[Records excerpted from a collection]
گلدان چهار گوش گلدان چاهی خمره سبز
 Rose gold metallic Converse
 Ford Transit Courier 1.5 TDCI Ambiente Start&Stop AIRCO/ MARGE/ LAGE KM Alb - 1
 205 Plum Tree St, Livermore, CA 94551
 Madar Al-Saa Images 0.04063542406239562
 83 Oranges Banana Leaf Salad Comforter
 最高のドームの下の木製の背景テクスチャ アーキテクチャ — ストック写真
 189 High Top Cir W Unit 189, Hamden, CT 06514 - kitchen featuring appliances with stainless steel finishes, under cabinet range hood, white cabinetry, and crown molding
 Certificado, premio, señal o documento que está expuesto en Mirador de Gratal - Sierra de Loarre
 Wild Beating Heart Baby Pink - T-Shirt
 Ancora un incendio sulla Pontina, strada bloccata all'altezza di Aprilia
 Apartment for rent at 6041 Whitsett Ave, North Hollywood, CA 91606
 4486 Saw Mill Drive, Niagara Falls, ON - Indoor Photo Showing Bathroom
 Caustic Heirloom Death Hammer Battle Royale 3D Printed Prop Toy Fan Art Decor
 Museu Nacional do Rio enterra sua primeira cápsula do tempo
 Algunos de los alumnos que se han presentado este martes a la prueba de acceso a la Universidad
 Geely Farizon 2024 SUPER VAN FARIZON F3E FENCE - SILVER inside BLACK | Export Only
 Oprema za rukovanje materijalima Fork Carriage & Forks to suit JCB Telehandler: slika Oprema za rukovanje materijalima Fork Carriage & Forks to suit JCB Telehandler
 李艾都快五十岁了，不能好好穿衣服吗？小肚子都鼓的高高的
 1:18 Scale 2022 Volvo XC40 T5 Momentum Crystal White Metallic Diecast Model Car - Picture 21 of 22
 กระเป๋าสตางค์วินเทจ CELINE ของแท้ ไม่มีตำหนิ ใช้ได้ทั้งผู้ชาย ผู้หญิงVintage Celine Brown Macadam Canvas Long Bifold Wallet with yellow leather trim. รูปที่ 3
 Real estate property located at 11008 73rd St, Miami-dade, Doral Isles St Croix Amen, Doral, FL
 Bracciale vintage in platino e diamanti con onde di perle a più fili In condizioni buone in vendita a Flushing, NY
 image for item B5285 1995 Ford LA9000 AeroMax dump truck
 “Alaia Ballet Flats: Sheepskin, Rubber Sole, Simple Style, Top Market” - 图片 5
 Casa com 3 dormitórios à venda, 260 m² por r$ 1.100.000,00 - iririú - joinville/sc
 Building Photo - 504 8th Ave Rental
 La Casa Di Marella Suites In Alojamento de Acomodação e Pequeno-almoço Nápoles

▸ **ASSIGNED TASK**: Report the number of lines in the entries where the word "Photo" occurs, and add nothing else.

▸ **ANSWER TO THE PROBLEM**: 2